We believe attractive risk-adjusted returns in affordable and workforce housing can be achieved by: (i) investing in vibrant markets with high income growth; (ii) targeting acquisition of properties on an off-market basis through existing relationships; and (iii) implementing operational improvements through expense management and providing community-based services and activities that enhance the lifestyle of our residents. Capitalization rates for stabilized, higher quality affordable and workforce housing assets generally trade in the range of 4.0% to 5.5% depending on market, age of the property, unit mix, nature and timing of any rent restrictions and economic and market conditions. Market-rate assets in our target markets generally trade for capitalization rates in the range of 3.75% to 5.0%. For our redevelopment and development investments, we intend to undertake projects which underwrite to approximately 50 to 150 basis points of additional yield on cost upon stabilization compared to acquisitions of stabilized properties in the same market.

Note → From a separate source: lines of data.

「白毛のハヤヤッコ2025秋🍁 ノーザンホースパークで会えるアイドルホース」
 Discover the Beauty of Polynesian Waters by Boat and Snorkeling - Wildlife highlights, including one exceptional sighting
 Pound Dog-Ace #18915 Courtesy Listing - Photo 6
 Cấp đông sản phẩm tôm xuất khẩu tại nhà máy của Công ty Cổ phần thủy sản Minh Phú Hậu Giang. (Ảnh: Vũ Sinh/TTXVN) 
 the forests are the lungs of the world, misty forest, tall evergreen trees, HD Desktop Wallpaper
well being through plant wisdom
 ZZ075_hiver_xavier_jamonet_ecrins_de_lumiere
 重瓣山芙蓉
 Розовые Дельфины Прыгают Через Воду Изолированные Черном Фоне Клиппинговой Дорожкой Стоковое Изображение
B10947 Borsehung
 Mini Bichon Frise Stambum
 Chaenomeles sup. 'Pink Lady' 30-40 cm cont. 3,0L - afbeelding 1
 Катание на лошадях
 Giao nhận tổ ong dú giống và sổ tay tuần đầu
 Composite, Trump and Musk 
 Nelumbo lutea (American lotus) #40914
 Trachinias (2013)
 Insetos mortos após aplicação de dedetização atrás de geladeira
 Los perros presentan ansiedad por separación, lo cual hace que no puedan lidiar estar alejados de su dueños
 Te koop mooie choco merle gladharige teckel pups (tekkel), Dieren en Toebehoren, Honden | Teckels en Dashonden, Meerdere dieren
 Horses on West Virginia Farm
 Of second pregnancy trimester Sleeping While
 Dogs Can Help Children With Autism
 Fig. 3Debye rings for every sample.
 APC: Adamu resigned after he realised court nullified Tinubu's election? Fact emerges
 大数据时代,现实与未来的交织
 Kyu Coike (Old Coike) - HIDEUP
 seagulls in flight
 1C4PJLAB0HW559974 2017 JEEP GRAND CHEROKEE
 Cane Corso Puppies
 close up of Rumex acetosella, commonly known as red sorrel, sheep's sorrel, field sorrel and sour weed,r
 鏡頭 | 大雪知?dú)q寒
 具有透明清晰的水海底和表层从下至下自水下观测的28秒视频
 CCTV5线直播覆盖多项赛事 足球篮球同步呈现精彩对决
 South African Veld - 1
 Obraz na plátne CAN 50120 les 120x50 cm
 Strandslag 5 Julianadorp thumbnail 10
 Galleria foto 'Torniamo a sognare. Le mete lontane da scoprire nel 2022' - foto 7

Given the scarcity of available units in affordable and workforce housing, lease up of new units tends to be faster and more predictable and tenants tend to reside in their units longer, resulting in less volatility in occupancy and reduced unit turnover costs (i.e., lower ongoing capital expenditure requirements) as compared to the market-rate segment of the multifamily market, with rent growth in line with market-rate units.... 
Moreover, the demand for affordable and workforce housing is very strong, as a high percentage of renters in the United States spend more than 30% of their household income on housing, including rent and utilities. Additionally, most of the new supply in the multifamily sector over the last several years has been focused on higher rent product and often specific submarkets catering to higher earning millennials.
(Emphases added)

This, presumably also reflects Avanath's strategies. Let's look at 535 Carlton and 38 Sixth in that light:
  1. investing in vibrant markets with high income growth; I'm not sure that applies, given rent stabilization
  2. targeting acquisition of properties on an off-market basis through existing relationships; that might well have happened in this case
  3. implementing operational improvements through expense management and providing community-based services and activities that enhance the lifestyle of our residents; we'll see
Perhaps it's simply that Avanath got the buildings for $315 million, well less than the $370.8 million cost of construction, and Greenland Forest City Partners needed the cash.

Aspire Real Estate Investors never came to be. According to an 11/25/20 statement, "The Company has determined not to proceed with its proposed initial public offering at this time due to market conditions."